Mistrz wolności

Jeżeli nie akceptuję jakiegoś człowieka, nie mogę go znieść, to tym samym pokazuję, że nie akceptuję siebie i nie mogę siebie znieść. Jeżeli uciekam od kogoś, od czegoś, to tym samym pokazuję tylko, że uciekam od czegoś, co jest we mnie samym. Można by tak dłużej ciągnąć to porównanie. Chcę zasygnalizować tylko jedną kwestię: wszystko, co jest na zewnątrz, a co budzi we mnie coś negatywnego: negatywne uczucia, negatywne postawy pokazuje mi problem, który jest we mnie.
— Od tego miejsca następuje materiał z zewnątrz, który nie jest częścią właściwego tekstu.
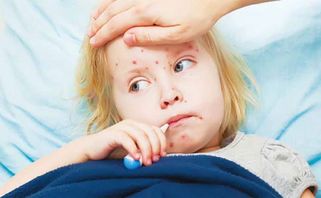Measles là gì? Có lây không? Dấu hiệu, cách điều trị và phòng ngừa?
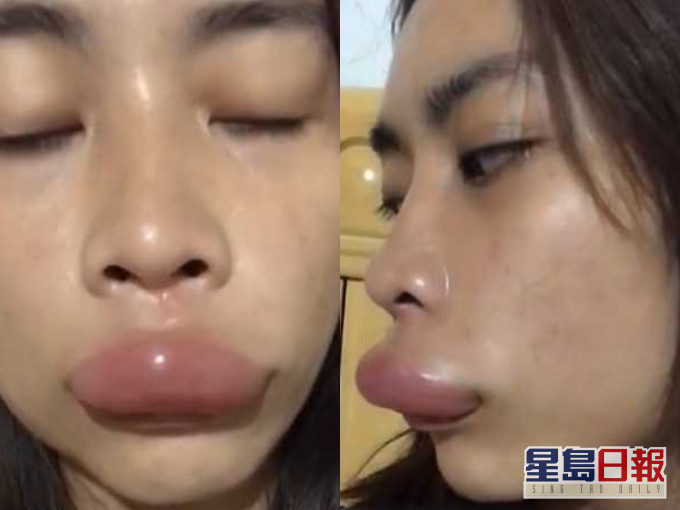 女直播變成了「孖膶腸」。網圖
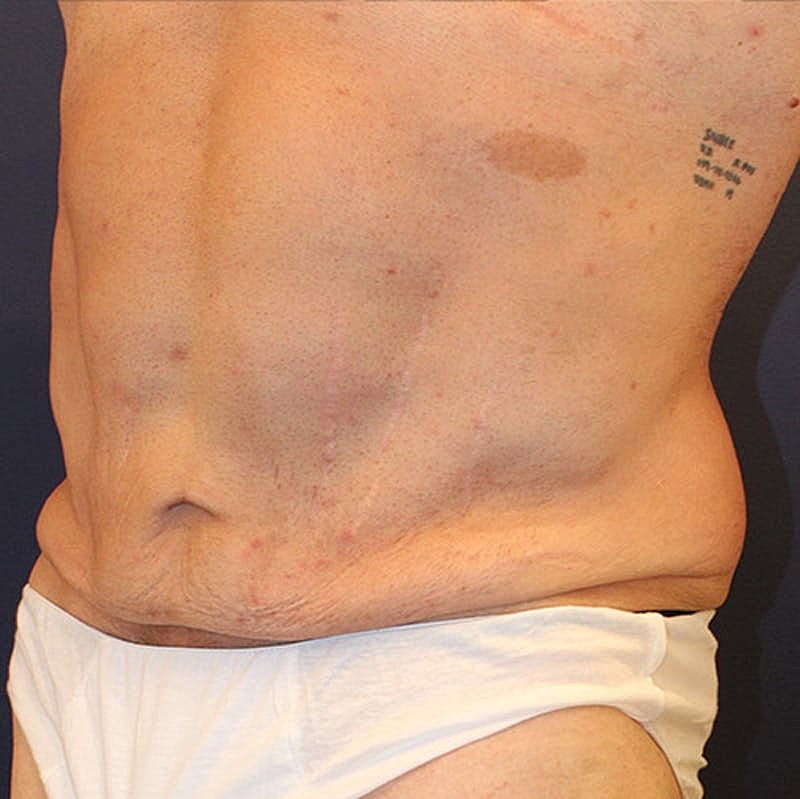 Massive Weight Loss Before & After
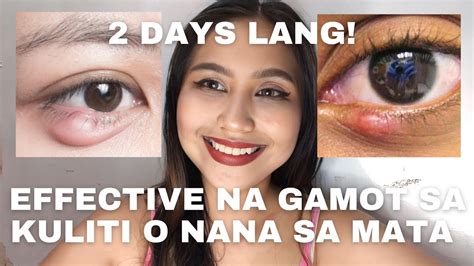 gamot sa nagluluha ang mata|Gamot Sa Nagluluhang Mata, Ayon Sa Doktor .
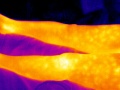 120px-Phlebite-thermographie.jpg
To prawda, że problemy są na zewnątrz, ludzie czynią zło itd., jednak jak to wszystko na mnie działa to jest już mój problem i moja praca nad sobą samym. Praca nad rozwiązaniem problemów z drugim człowiekiem, systemem itd., powinna punkt ciężkości mieć w mojej pracy nad sobą samym. Ja mam wypracować w sobie taką wolność, aby to, jak inni czynią, mówią, z całą ich toksycznością żeby mnie nie niszczyło. nie chodzi o to by ich zakneblować, zabić, unicestwić, ale żeby w sobie samym "wypracować" taką miłość, aby ona stała się dla mnie takim duchowym murem, chroniącym mnie przed toksycznością, która jest na zewnątrz.

Jezus uczy wolności. Jego miłość jest Jego największą siłą. Nie używa potęgi fizycznej, potęgi zastępów anielskich. Wybiera niepozorną broń, która okazuje się największym Jego atutem - M I Ł O Ś Ć. Zbity, poniszczony, zachował w sobie miłość. Zobacz Jezusa w Ogrodzie Oliwnym, przed Piłatem, Kajfaszem, żołnierzami. zobacz Jezusa na krzyżu. Do końca zachowana godność, miłość i wolność. Oto człowiek. Oto zachowana godność. Oto nauczyciel wolności. My różnimy się od Niego tym, że w nas jest wewnętrzne pęknięcie, które powoduje rozbicie i podatność na nowe rozbicia. On jest nauczycielem scalenia. On jest nauczycielem godności, On jest nauczycielem relacji. Mistrz relacji, Mistrz komunikacji. Mistrz wewnętrznej wolności.